Ainsi, bien que les institutions de la cité ne soient pas faites pour lui, le sage est-il celui qui peut le mieux en profiter. Il sait voir, dans la contrainte commune qu’elles lui imposent, autre chose qu’un mal nécessaire pour sa sécurité : un véritable fondement pour sa liberté, c’est-à-dire pour le déploiement maximal de sa propre puissance d’être et d’agir. Le sage, l’homme qui  agi, autant que faire se peut, sous les préceptes dictés par la Raison, choisira donc le candidat dont les positions lui paraitront le plus à même de lui permettre d’œuvrer dans le sens de ce déploiement maximal de sa puissance, et de celle de tous, car « Le bien que quiconque pratique la vertu désire pour lui-même, il le désirera aussi pour les autres hommes, … » (Ethique, quatrième partie, proposition 37). Alors, comme les différences  entre droite et gauche représentées respectivement par Sarkozy et Hollande, se limitent actuellement à des points de détails, pour ce sage, « Dieu se trouvera bien dans les détails » et il se devra d’examiner soigneusement les programmes électoraux présentés par les candidats afin de voir dans lequel il pourra le mieux trouver le moyen de développer ces puissances d’agir.  C’est l’attitude à la fois sage et citoyenne pour Spinoza.

Jean-Pierre Vandeuren

Une réflexion au sujet de « Sarkozy ou Hollande ≈ Hobbes ou Rousseau ? Spinoza comme arbitre »

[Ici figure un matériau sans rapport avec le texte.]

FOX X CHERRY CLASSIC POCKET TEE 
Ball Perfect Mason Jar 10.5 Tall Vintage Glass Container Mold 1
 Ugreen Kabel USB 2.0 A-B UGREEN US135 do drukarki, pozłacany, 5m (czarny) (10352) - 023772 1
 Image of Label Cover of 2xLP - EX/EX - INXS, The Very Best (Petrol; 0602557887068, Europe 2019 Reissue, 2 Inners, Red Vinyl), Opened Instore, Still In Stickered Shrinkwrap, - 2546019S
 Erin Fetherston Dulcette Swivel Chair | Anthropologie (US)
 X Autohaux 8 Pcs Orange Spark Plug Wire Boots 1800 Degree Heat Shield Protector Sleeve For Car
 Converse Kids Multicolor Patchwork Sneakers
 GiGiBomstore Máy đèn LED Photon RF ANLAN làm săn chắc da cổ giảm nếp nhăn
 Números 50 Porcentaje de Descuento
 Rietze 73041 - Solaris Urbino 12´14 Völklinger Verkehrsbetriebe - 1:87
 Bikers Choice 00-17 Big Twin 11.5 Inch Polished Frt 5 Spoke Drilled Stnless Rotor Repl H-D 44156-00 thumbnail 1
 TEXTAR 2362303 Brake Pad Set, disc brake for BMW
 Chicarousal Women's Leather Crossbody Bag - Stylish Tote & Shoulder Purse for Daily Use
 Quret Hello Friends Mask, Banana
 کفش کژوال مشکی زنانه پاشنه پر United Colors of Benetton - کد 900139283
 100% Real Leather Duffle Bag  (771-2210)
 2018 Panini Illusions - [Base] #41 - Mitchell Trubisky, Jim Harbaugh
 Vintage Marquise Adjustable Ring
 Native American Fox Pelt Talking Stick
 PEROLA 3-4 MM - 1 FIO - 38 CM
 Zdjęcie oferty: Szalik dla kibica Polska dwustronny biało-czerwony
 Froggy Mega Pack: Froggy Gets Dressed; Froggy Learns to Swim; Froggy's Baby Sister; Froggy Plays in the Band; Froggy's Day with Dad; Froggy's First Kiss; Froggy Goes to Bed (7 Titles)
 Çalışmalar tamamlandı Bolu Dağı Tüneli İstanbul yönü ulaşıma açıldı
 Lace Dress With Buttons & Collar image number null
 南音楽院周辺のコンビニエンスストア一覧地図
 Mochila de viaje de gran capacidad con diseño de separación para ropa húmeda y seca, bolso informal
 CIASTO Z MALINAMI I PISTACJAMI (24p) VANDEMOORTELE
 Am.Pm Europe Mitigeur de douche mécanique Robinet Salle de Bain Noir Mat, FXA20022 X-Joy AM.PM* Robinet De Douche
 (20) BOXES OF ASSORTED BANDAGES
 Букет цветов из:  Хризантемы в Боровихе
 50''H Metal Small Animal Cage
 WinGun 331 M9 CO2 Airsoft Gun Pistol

  1. La politique de la cité ou du pays n’est plus un moyen de penser le bien vivre ensemble, mais le pretexte à diverses revendications sociales qui serait l’alpha et l’omega de ce bien vivre!. L’électeur projette une réprésentation du monde – de son monde-, dans un candidat. L’ignorance du citoyen sur le plus grand nombre de sujets (droit, économie, finance ) est manifeste ! La part de l’imaginaire et de la passion triste s’est emparé du citoyen. Le caractère régalien et autoritaire de l’état n’interessant le citoyen que lorqu’il agit à son avantage, et étant aussitôt décrié dans l’ordre de la généralité. La liberté devant lui être assuré avec le moins de contrainte, mais la solidarité – c’est à dire la contrainte des autres -., fonctionner au moindre souci pour lui. Nous sommes dans le premier genre de connaissance (celui des idées confuses, habillées de « moraline », pour cacher d’autres appétits..
    Le mot « social » enterinne une grande confusion entre le publique et le privé. A ce titre s’approprier 75% des revenus d’une personne par l’impot, en lui laissant le passif de son entreprise, la responsabilité civile et pénale de son activité , est….extravagant. Mieux vaudrait achter une telle entreprise, la « nationnaliser ». Par respect d’une éthique !
    En fait l’individu moderne occidental ou tout du moins Français , rève d’un monde à la Disneyworld, sans radicalité. Une société d’assurance multirisque ou tout ce qui marche récupère ce qui ne marche pas, sans se demander pourquoi certaines choses marchent et pas d’autres.
    Un monde de clients consommateurs plutôt passifs et équipés de toutes les opinions que permettent la passivité. Un monde de salarié. (pour beaucoup d’indépendants agriculteurs, petits commerçants, artisans…chaque jour qui se lève est une leçon de courrage.
    Le monde médiatique dont on pouvait imaginer qu’il jouerait un rôle dans le « savoir », a été submergé par le monde du discours, c’est à dire l’asile de l’ignorance. (Le politque a remplacé le religieux, les micros les goupillons, et les studios de la TV les églises). On prêche maintenant à longueur de journée. Le nouvel empire de l’homme est la satifaction de ses apétits.